→ Data for this task

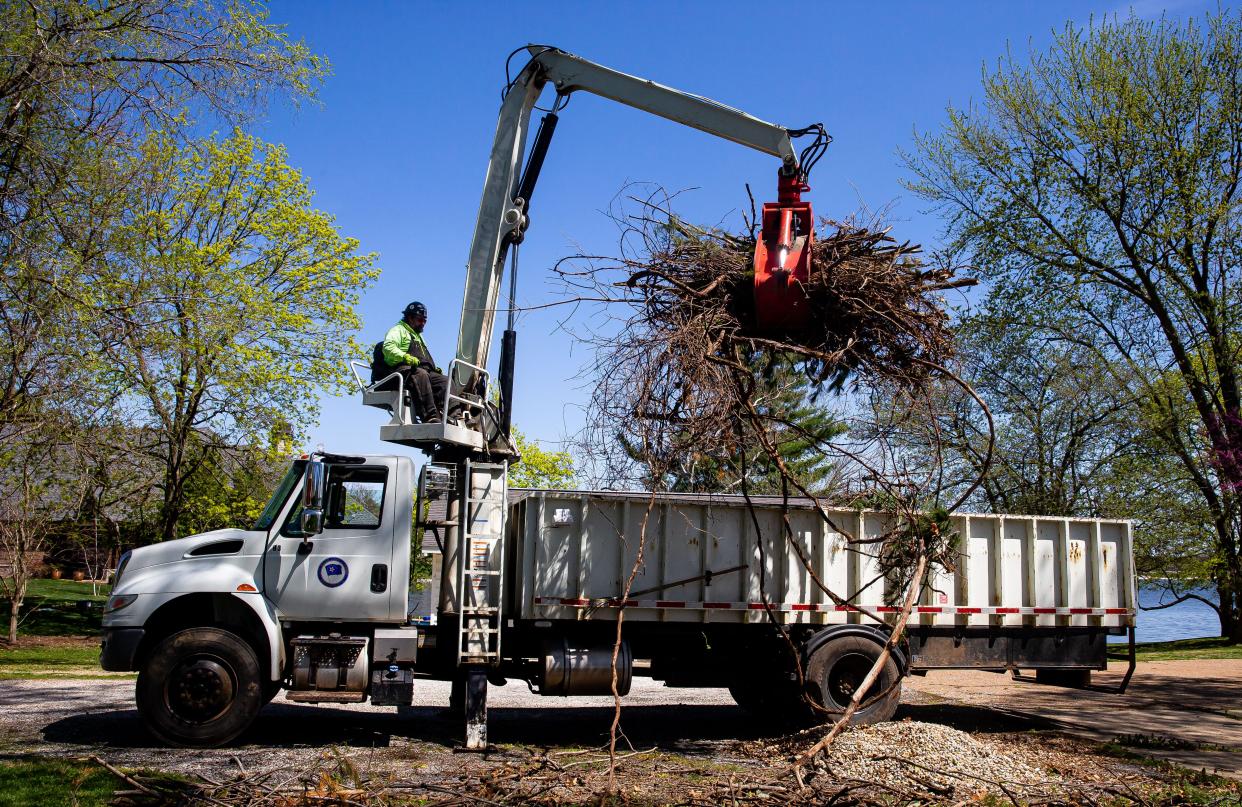 Tom Murphy with City, Water, Light and Power uses a grapple truck to load debris for branch pickup around the lake area along Linden Lane in Springfield, Ill., Tuesday, April 13, 2021. The city of Springfield begins its curbside branch pickup Aug. 1.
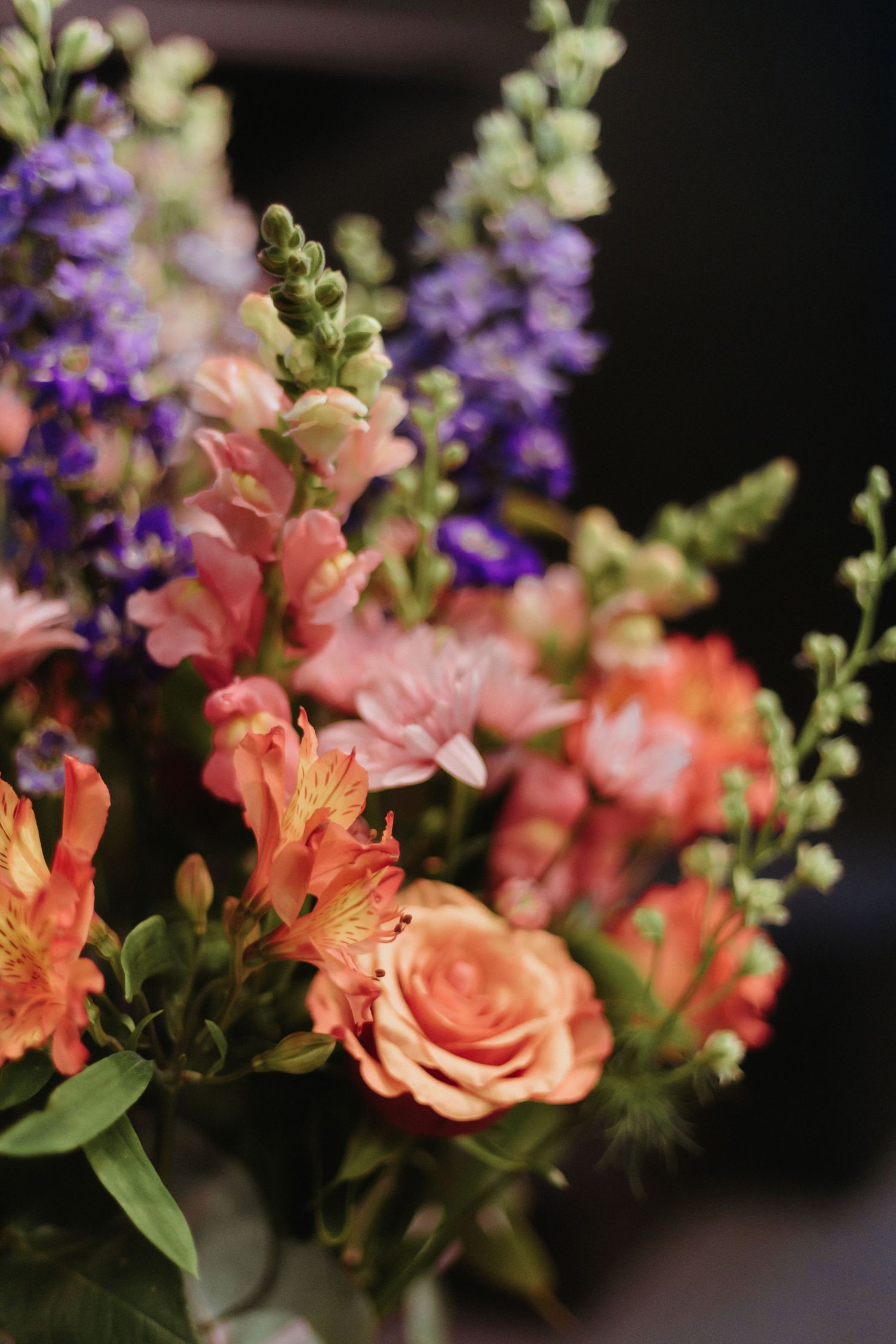 Close-up view of pink alstroemeria and purple delphinium flowers arranged against a dark background.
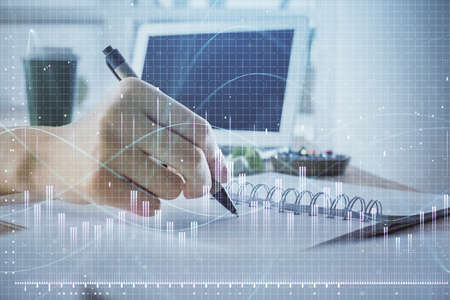 Financial forex graph drawn over hands taking notes background. Concept of research. Multi exposureの写真素材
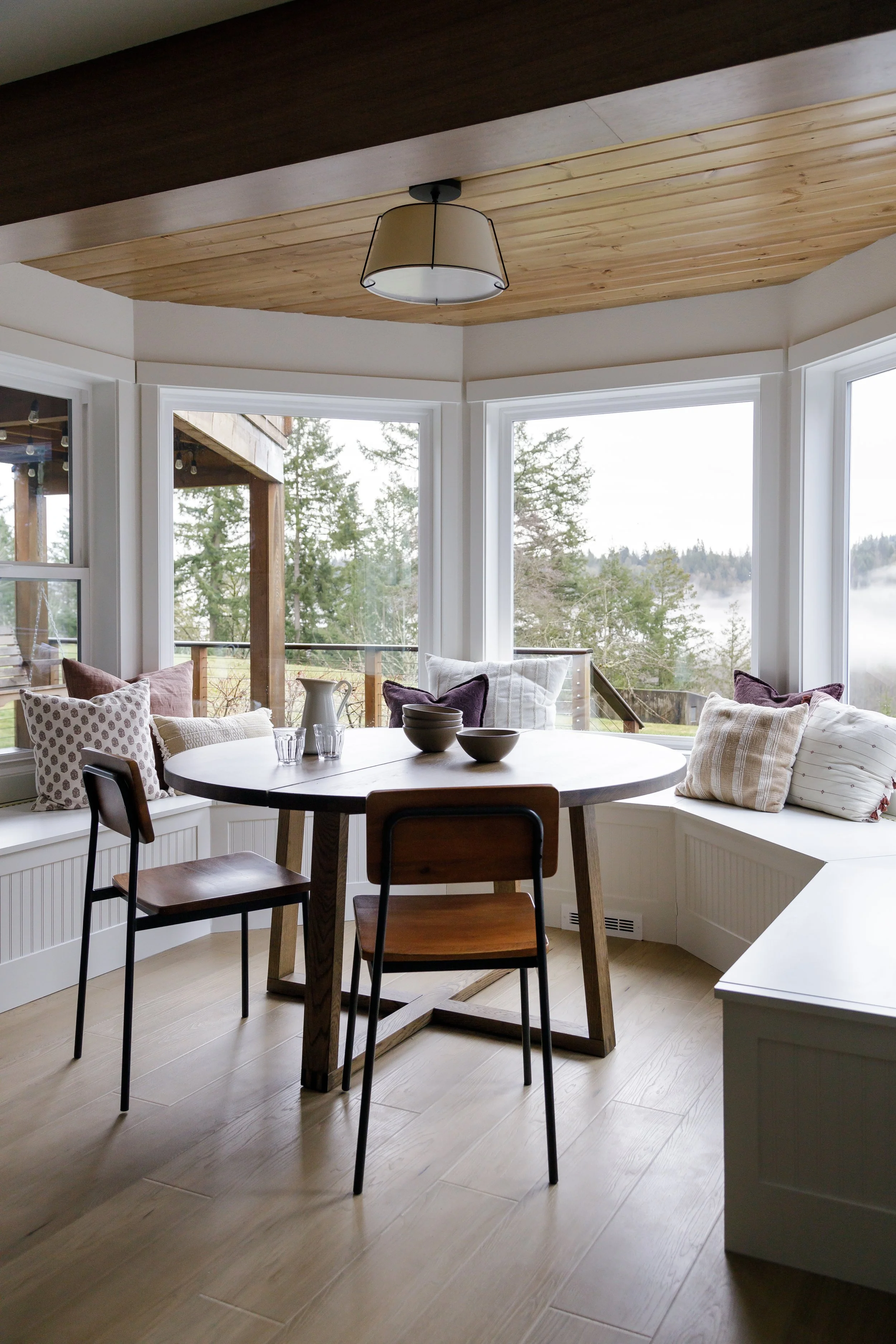 Bright dining nook with a round table, three chairs, and window seating with pillows, overlooking a scenic outdoor view of trees and fog.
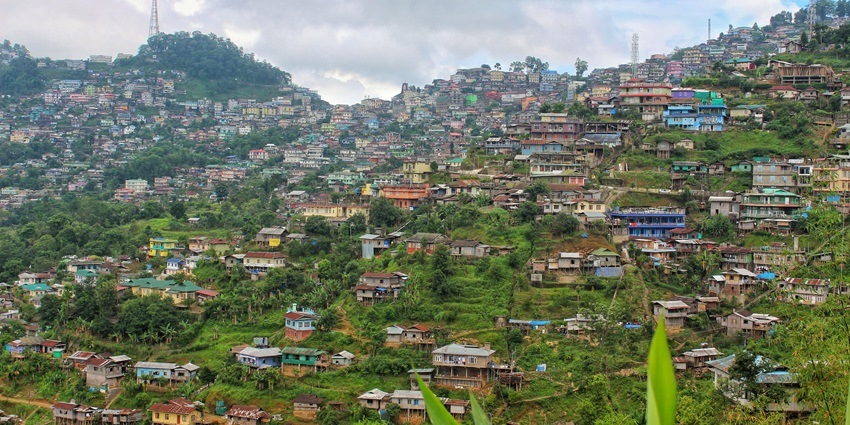 A view of colourful houses elegantly nestled in the terraced green hills of Mokokchung.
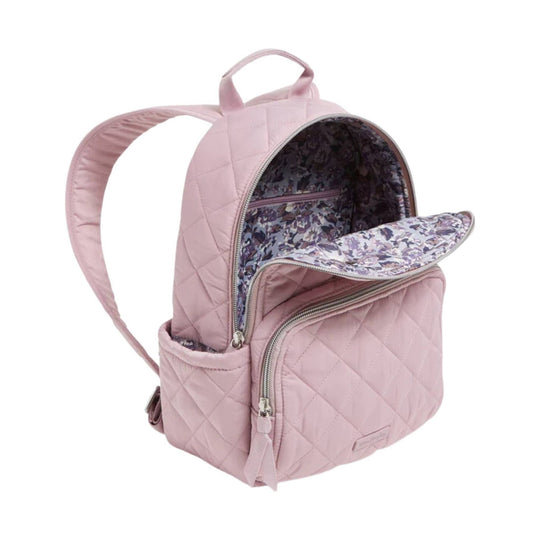 Light pink quilted small backpack with front zip pocket, side bottle pocket, and floral-patterned interior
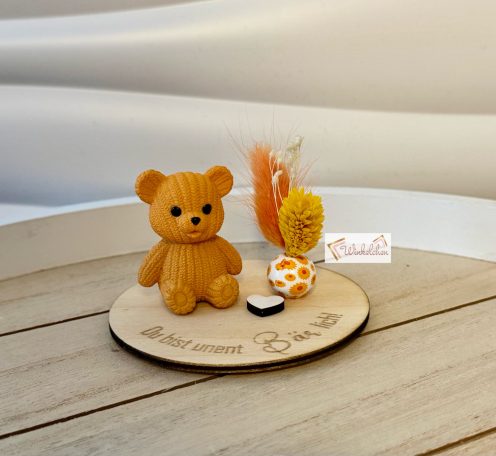 Ein brauner Bärenanhänger sitzt auf einem Holzbrett mit bunten Trockenblumen.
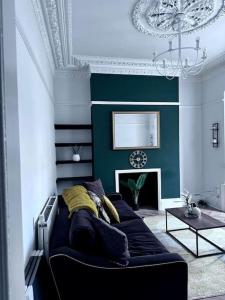 a living room with a couch and a fireplace at Blessed Princess House With Free Parking in Sunderland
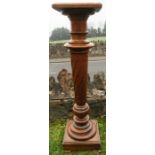 An oak torchere, with spirally turned column, height 43.5ins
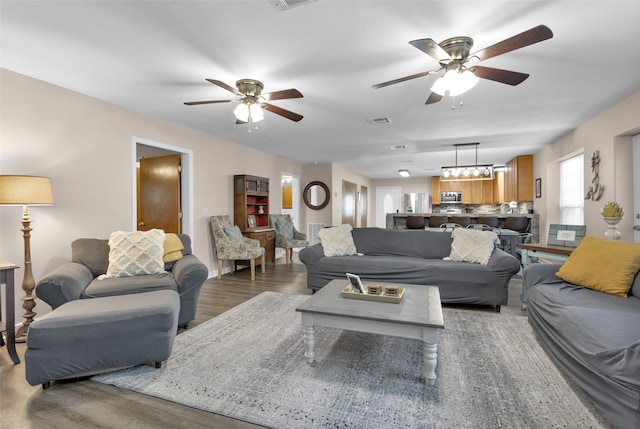 living room featuring dark hardwood / wood-style floors and ceiling fan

→ What the exercise asks
Give the data above back unchanged, except for the pictures.

→ Answer to this task
 Tom Murphy with City, Water, Light and Power uses a grapple truck to load debris for branch pickup around the lake area along Linden Lane in Springfield, Ill., Tuesday, April 13, 2021. The city of Springfield begins its curbside branch pickup Aug. 1.
 Close-up view of pink alstroemeria and purple delphinium flowers arranged against a dark background.
 Financial forex graph drawn over hands taking notes background. Concept of research. Multi exposureの写真素材
 Bright dining nook with a round table, three chairs, and window seating with pillows, overlooking a scenic outdoor view of trees and fog.
 A view of colourful houses elegantly nestled in the terraced green hills of Mokokchung.
 Light pink quilted small backpack with front zip pocket, side bottle pocket, and floral-patterned interior
 Ein brauner Bärenanhänger sitzt auf einem Holzbrett mit bunten Trockenblumen.
 a living room with a couch and a fireplace at Blessed Princess House With Free Parking in Sunderland
 An oak torchere, with spirally turned column, height 43.5ins
 living room featuring dark hardwood / wood-style floors and ceiling fan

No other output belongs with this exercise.